USD/JPY Still on the Slide – When Do You Think It’ll Be the Right Time to Go Long?
USD/JPY continues to slide since the FEDs hiked interest rates last Wednesday but failed in convincing the forex market that they saw more positives than negatives in the US economy. Perhaps this was done intentionally to keep the Buck subdued.
If you look at a small timeframe forex chart (H4 for instance), the picture shows a steep downtrend. However, looking at the daily USD/JPY chart, we see that we´ve been trading, more or less, in a range over the last three months.
We´re still about 100 pips above the bottom of the range
The range stretches from 111.50s to 115 and 115.50s, which means that it is about 400 pips wide. Right now we´re edging closer to the bottom of the range, so we must seriously consider going long soon.
The stochastic indicator is totally oversold and RSI is getting there fast, so they´re signalling a possible reverse soon. We have to minimize the risk and maximize the potential profit, so I´d feel a lot better if I opened a buy forex signal around 111.50.

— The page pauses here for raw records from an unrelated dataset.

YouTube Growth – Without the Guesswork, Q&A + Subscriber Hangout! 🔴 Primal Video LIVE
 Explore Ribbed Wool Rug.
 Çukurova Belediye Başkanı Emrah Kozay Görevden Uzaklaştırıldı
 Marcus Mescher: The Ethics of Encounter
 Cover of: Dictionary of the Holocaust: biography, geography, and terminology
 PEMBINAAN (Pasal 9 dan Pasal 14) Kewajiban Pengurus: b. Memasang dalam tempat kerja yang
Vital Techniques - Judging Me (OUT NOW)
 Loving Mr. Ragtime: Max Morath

The stop loss would be below the two moving averages which are standing below that support level, so the potential loss would be minimal. On the other hand, the potential profit would be around 350 – 400 pips. As it is right now, if we pulled the trigger, the stop loss and take profit would be about the same.
Besides that, the weekly chart looks a bit bearish, particularly since last week´s candlestick closed as an engulfing bearish candle.
Last week´s bearish engulfing candle looks a bit scary to buyers
By the way, Bank of Japan is on our side; people expected them to be sort of hawkish, but they kept the status quo regarding monetary policy and didn´t give us any hawkish signs last week.
So, it´s the Dollar side which has me worried. But, we have to trade at some point and the 111.50 is the right level. We´ll still have to watch the price action when/if we do get down there and do a last minute re-evaluation.